Landing Pages: Who Cares Anymore?

Making even modest changes to landing pages can be the quickest and easiest way to increase online response rates and decrease cost per lead, yet in more cases than not, far more attention, scrutiny, and investment is dedicated to the front end of demand generation campaigns.

Case in point: not long ago, CDI was asked to design a direct mail campaign for a B2B client whose goal was driving prospects to download a free trial version of their software product. The destination page for the campaign was a free trial request form linked from the client’s Web site. There were two main problems with the existing page:

1. It looked like the rest of the corporate Web site – an attractive site, to be sure – but nothing that would continue the look and feel and creative theme that we were developing for the direct mail campaign;

2. The multi-step registration process was complex and onerous, and the copy on the request page was very passive, even bureaucratic, almost as if the client assumed that anyone arriving at the form was so thoroughly motivated to complete the process that he or she needed no further encouragement. (Prospects that seek out corporate Web sites are typically more qualified, so in the original context, this tone might have been OK, but in the context of a demand generation campaign, it was woefully inadequate.)

This should be the point at which I regale you with the elegant, action-oriented re-design that CDI implemented, and the astonishing increase in conversion rates that we achieved.

Alas, no.

Turns out the trial page was off limits. One, it was owned by the Web team, a separate fiefdom. And secondly, conversion rates were OK (see comment above re: corporate Web sites), so why incur the additional expense?
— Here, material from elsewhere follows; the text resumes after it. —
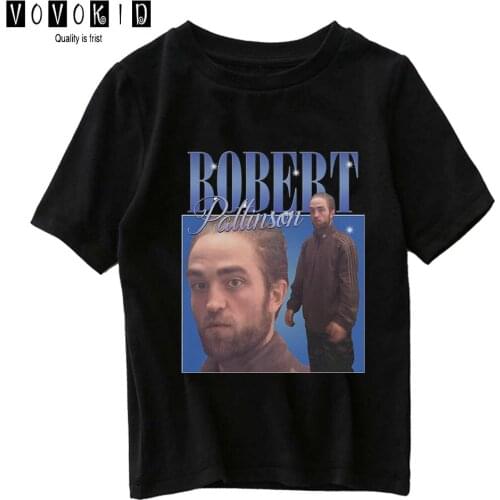 Robert Pattinson Standing Meme Little Girl Boy Summer Cute Sweet Streetwear T-shirt Chlidren Top Baby T Shirt Cartoon Shirt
Judging from what I’ve been reading in Marketing Sherpa’s recently released “2008 Landing Page Handbook,” this attitude is fairly common. People just don’t care about landing pages. According to the handbook, for example, only 16% of landing pages are free of navigation bars. 43% of paid search (SEM) campaigns don’t even use a landing page, instead driving prospects to the advertiser’s home page. Unbelievable.

As Marketing Sherpa puts it, “the landing page is the least considered element of the campaign.”

When it comes to landing pages, even simple changes can make dramatic differences. Removing those navigation bars, for example. Using design elements and copy consistent with the ad, the e-mail, or the direct mail campaign that the prospect was reading just seconds earlier. Getting rid of those extraneous links. (Marketing Sherpa: “Every link on your landing page that doesn’t result in conversion will decrease response.”)

The handbook says that the average conversion (click-to-lead) rate for a B2B paid search campaign is 4.5%. Let’s say you tweak your landing page a little and increase that rate to 5.0%. Congratulations: you just increased the ROI on your search campaign by 11%.

At $497, the Marketing Sherpa handbook is not an impulse purchase, but there’s so much information here (273 pages in all), you could add the expense to your next demand gen campaign and recoup your investment almost instantly just by following a mere handful of the tips, techniques and ideas included.

Possibly the best $497 you’ll spend this quarter.